A mesa de abertura foi composta por Diogo Leonardo Machado de Melo, presidente do IASP, Carolina Aguerre, diretora do Centro de Estudos em Tecnologia e Sociedade da Universidade San Andres (Argentina), e pelo mediador Alexandre Zavaglia Coelho, coordenador do IASP TECH e membro do GT para regulamentação de IA na Justiça.

 

 

“A proposta é levar o uso da tecnologia e fomentar seu estudo a partir daquilo que temos de melhor, que é a nossa cultura, nossa experiência e, sobretudo, a experiência dos nossos associados”, disse Diogo Melo.

 

Papel do CNJ

Daniela Madeira, conselheira do CNJ e presidente do Comitê Nacional de Inteligência Artificial do Judiciário, iniciou os painéis discutindo o papel do órgão na regulamentação, destacando a importância de guiar o uso da IA em vez de proibi-la, enfatizando que a Resolução 615 se baseia em três pilares principais: transparência, auditabilidade e supervisão humana.

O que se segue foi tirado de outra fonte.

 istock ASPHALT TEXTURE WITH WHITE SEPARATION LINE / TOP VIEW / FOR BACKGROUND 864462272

Segundo ela, o alto volume de processos no país, atualmente em 80 milhões, é um problema que a tecnologia pode ajudar a mitigar ao focar na otimização de tarefas repetitivas, liberando o tempo dos profissionais.

Daniela afirmou ainda que o desenvolvimento e uso da IA devem ser centrados no ser humano e em seus direitos. “Não é a automação que é a finalidade do uso dessa IA generativa, mas sim quais capacidades, quais direitos humanos a gente quer alcançar de alguma maneira quando se está desenvolvendo e quando se está utilizando a ferramenta”, afirmou.

 

Uso responsável no Judiciário

Na sequência, Christian Perrone aprofundou a análise sobre a evolução da digitalização e o uso de Inteligência Artificial no Judiciário brasileiro. O pesquisador resgatou o processo histórico que possibilitou a implementação das novas tecnologias, destacando como a digitalização foi condição essencial para o desenvolvimento de projetos baseados em IA. 

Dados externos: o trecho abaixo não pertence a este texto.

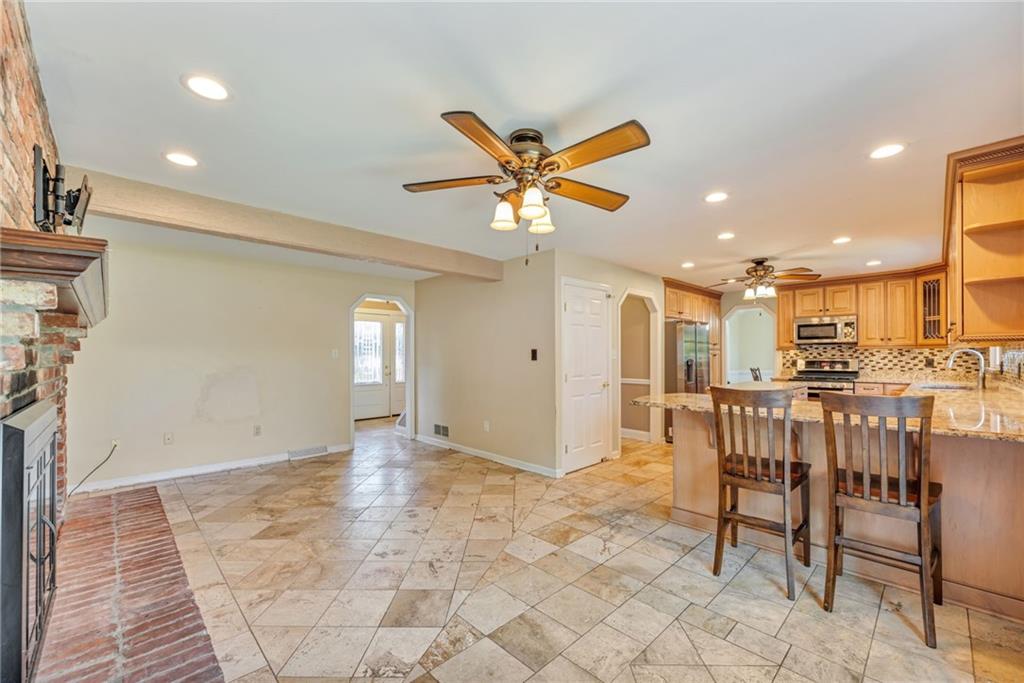 5015 Julia Lane McKees Rocks, PA 15136 - Photo 14 of 45 a view of a livingroom with furniture and a ceiling fan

Em sua fala, Perrone apresentou resultados de sua pesquisa, ressaltando que a efetividade dessas ferramentas depende não apenas de servidores e magistrados, mas de um letramento e de uma capacitação abrangentes que alcancem “todo o ecossistema como um todo, para entender as peculiaridades do Judiciário e para entender como o uso dessas ferramentas pode ter um impacto na sociedade”.

 

Risco de soluções individuais

O juiz Fernando Tasso e o professor Juliano Maranhão discutiram governança e ética no painel seguinte. O magistrado ressaltou a importância de auditoria contínua, fiscalização e fornecimento de ferramentas institucionais, alertando para os riscos do uso de soluções privadas com dados sensíveis.

“A partir do momento que um tribunal adotar uma posição, uma ferramenta institucional ou permitir que os magistrados o façam com equipamentos privados, como é que vamos lidar com esse risco? Então, essa é a forma de governança”, afirmou Tasso.

Fechando o painel, Maranhão, destacou os desafios organizacionais. Ele caracterizou a IA generativa como uma ferramenta geral, capaz de simular conversas humanas sem compromisso com a realidade, o que pode gerar o chamado viés de automação.

Maranhão apresentou dados de uma pesquisa realizada com membros e juízes do Judiciário brasileiro, que revelam um cenário de crescente utilização dessas tecnologias: 15% dos profissionais já fazem uso da IA em atividades cotidianas. Um dado expressivo é que a grande maioria dessas aplicações ocorre por meio de ferramentas privadas, fora do controle da gestão institucional dos tribunais.

A pesquisa também indicou que, embora a maior parte dos usos seja considerada adequada, há destaque para a IA na pesquisa de jurisprudência. Outro ponto relevante é que 83% dos servidores que recorrem a essas ferramentas não comunicam os magistrados sobre o uso, o que reforça a preocupação com transparência e governança no ambiente judicial.